Отдав материалы, я ожидал известий от следователей и гадал, как будет проходить допрос. Похожи ли следователи на работников тюрьмы? Злые ли они? Будут ли применять пытки?
В моем представлении допрос преступника был невозможен без жестокостей. Во дворцах Запретного города, наказывая провинившихся евнухов и слуг, я неизменно применял пытки.
Я боялся смерти, но еще больше я боялся пыток. И дело тут было вовсе не в боли. Я готов был умереть даже от оплеухи, которые в прошлом сам раздавал своим подданным. Я считал, что в тюрьме у коммунистов невозможно не страдать от жестокого обращения, поэтому отношение к нам в тюрьме вызывало удивление и было для нас непостижимым.
Заключенных здесь не били, не оскорбляли, уважали человеческое достоинство каждого. Так было в течение всех трех с лишним лет, и поэтому у меня не должно было быть каких-либо опасений, но каждый раз стоило мне только подумать о допросе, как спокойствие мое куда-то исчезало. В моем представлении допрос есть допрос, преступник не может быть единодушен со следователем, а следователь не может верить преступнику. Когда положение станет критическим, следователь, пользуясь властью, естественно, применит силу, в чем можно было не сомневаться.
В таких мучительных раздумьях прошло более десяти дней. Я не мог спокойно ни спать, ни есть. Наконец этот день наступил. Пришел надзиратель и сообщил, что я вызываюсь на беседу.
Меня провели по главному коридору в одну из комнат. Она была метров десяти, с большим письменным столом посередине. Перед ним был маленький чайный столик. На нем стояли чашки, чайник и пепельница. За письменным столом сидели два человека средних лет и молодой человек. Они знаком предложили мне сесть на стул рядом со столиком.
— Ваше имя? — спросил человек средних лет. — Айсинь Цзюело Пу И.
Он спросил у меня возраст, происхождение и пол.
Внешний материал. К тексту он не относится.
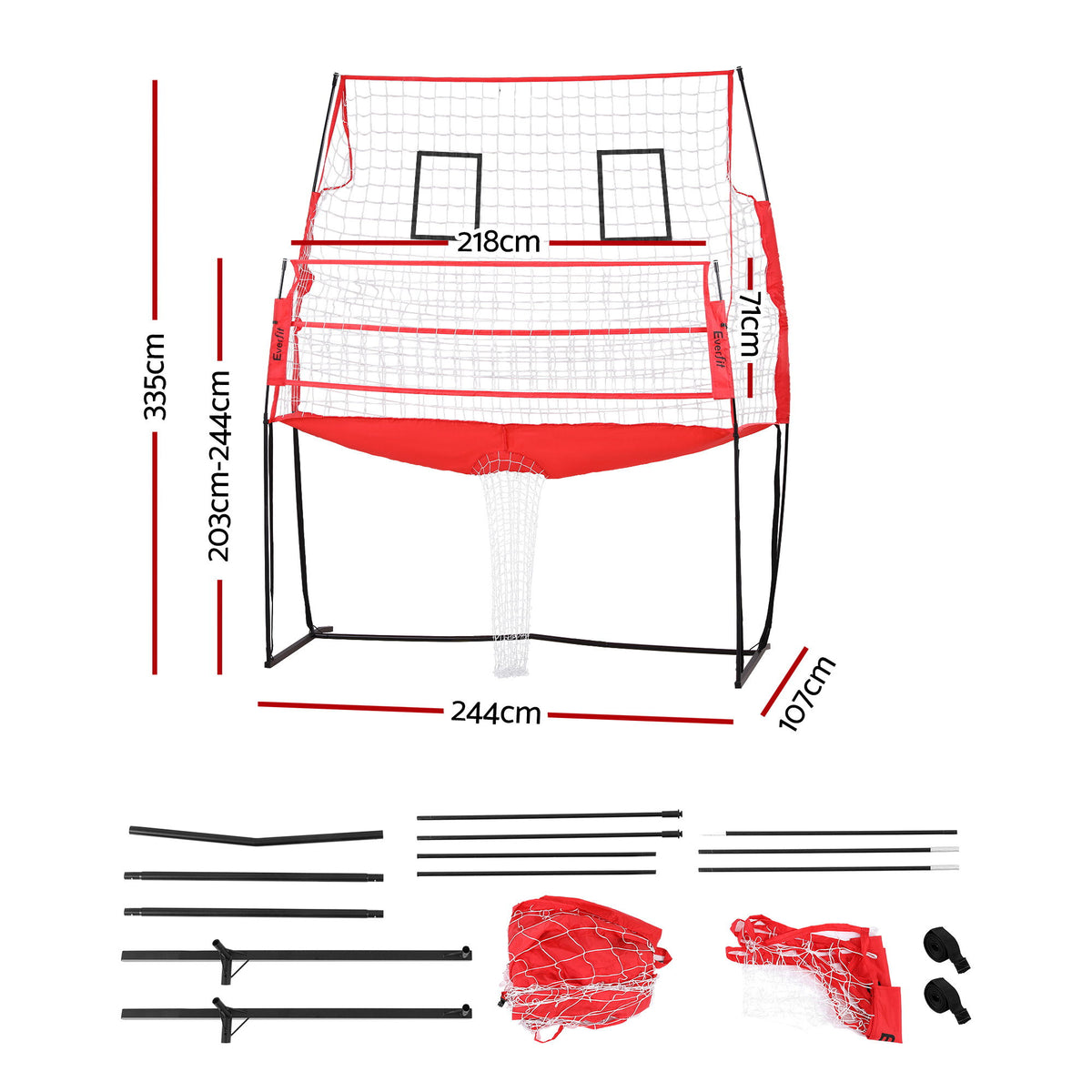 Everfit 8ft Volleyball Net Training Equipment Adjustable Height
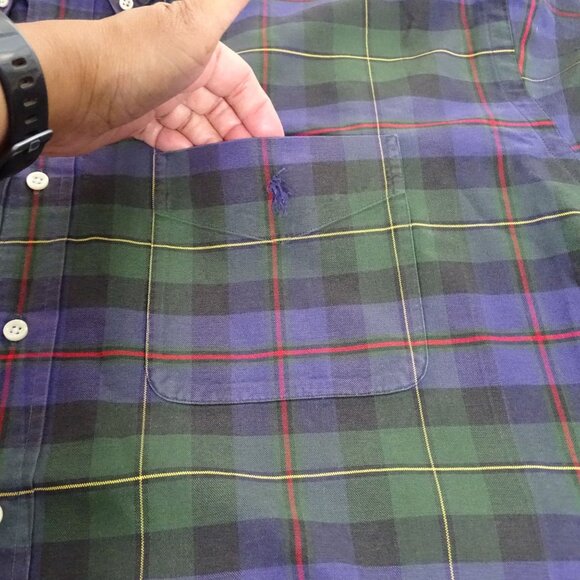 Vtg Ralph Lauren BIG Shirt Men Size XL Plaid Green Purple Button Down Long Slv - Picture 3 of 10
Перо молодого человека со скрипом двигалось по бумаге вслед за моими словами.
— Мы прочли написанное вами признание, — сказал тот, который был старше, — и нам хотелось бы послушать, что вы скажете лично. Вы можете курить.
Итак, началось. Человек средних лет расспрашивал меня о моей жизни; его интересовало все — начиная с детства и заканчивая моим арестом. Когда я рассказал о себе, он кивнул, и, казалось, был удовлетворен.
— Хорошо, пока остановимся на этом. Потом у следователя Чжао, возможно, будут вопросы к вам.
В общем, атмосфера допроса оказалась для меня крайне неожиданной. Вопрос о предательстве меня больше не беспокоил.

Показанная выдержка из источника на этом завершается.